Aim of the exercise
Repeat the following entries verbatim, apart from the pictures.

(Stored data entries)

....

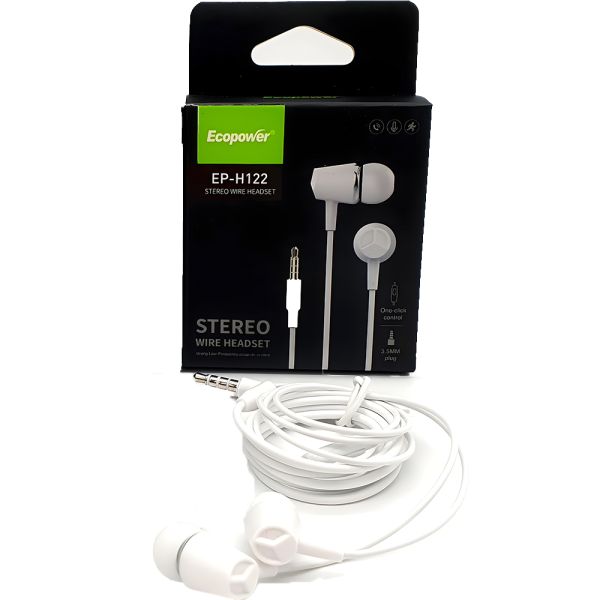 Compr Auricular Ecopower EP H123 Blanco Envios a todo el Paraguay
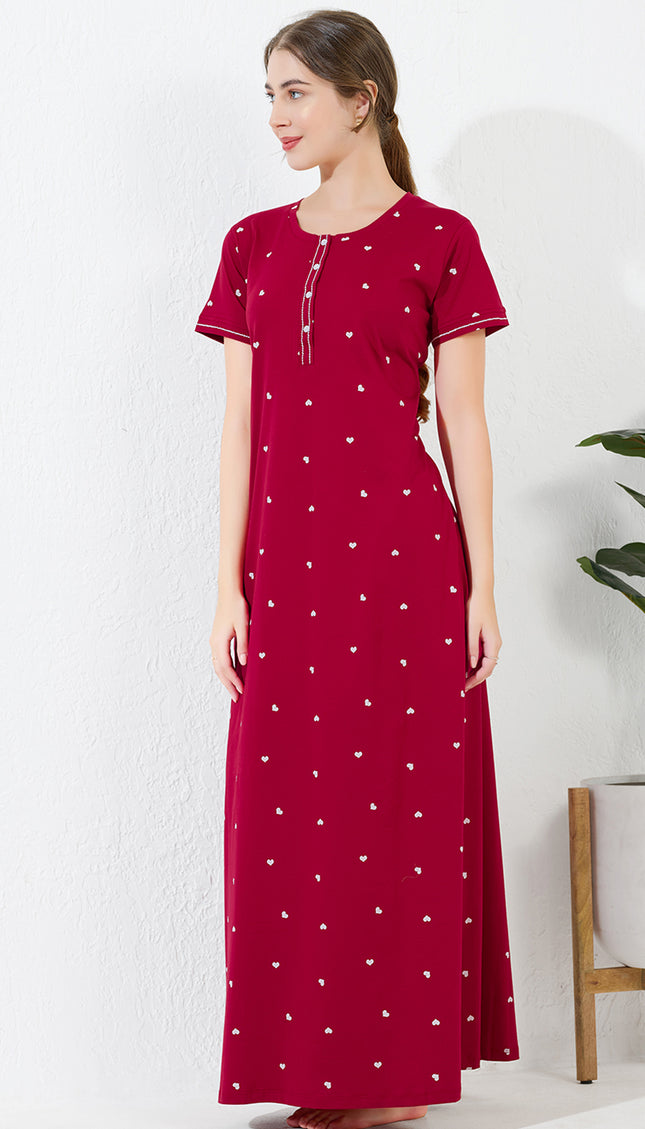 Women's Cotton Maternity & Feeding Nighty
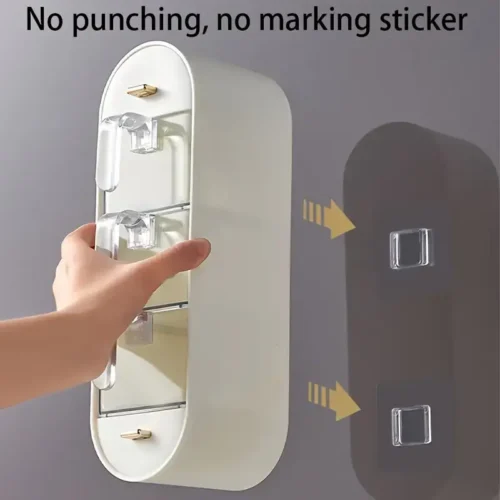 Wall-Mounted Spice Rack Organizers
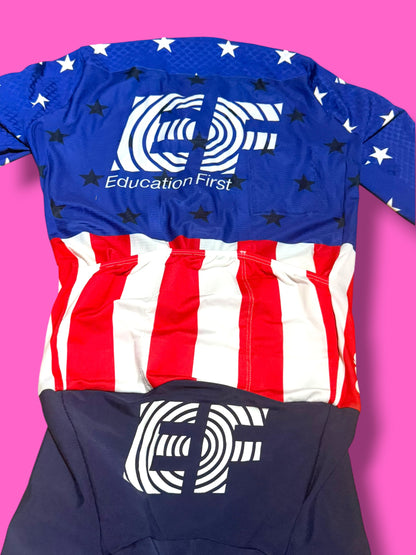 EF 2020 Aero Road Suit USA National Champion | EF Education First | Rapha Men's Pro Kit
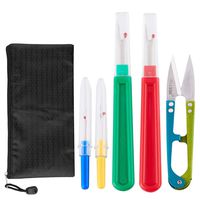Seam Ripper and Thread Remover Kit,2 Big and 2 Small Sewing Stitch Thread Unpicker and 1 Sewing Trimming Scissor Nipper Tool for Thread Remove.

....

Solved exercise
 Compr Auricular Ecopower EP H123 Blanco Envios a todo el Paraguay
 Women's Cotton Maternity & Feeding Nighty
 Wall-Mounted Spice Rack Organizers
 EF 2020 Aero Road Suit USA National Champion | EF Education First | Rapha Men's Pro Kit
Seam Ripper and Thread Remover Kit,2 Big and 2 Small Sewing Stitch Thread Unpicker and 1 Sewing Trimming Scissor Nipper Tool for Thread Remove.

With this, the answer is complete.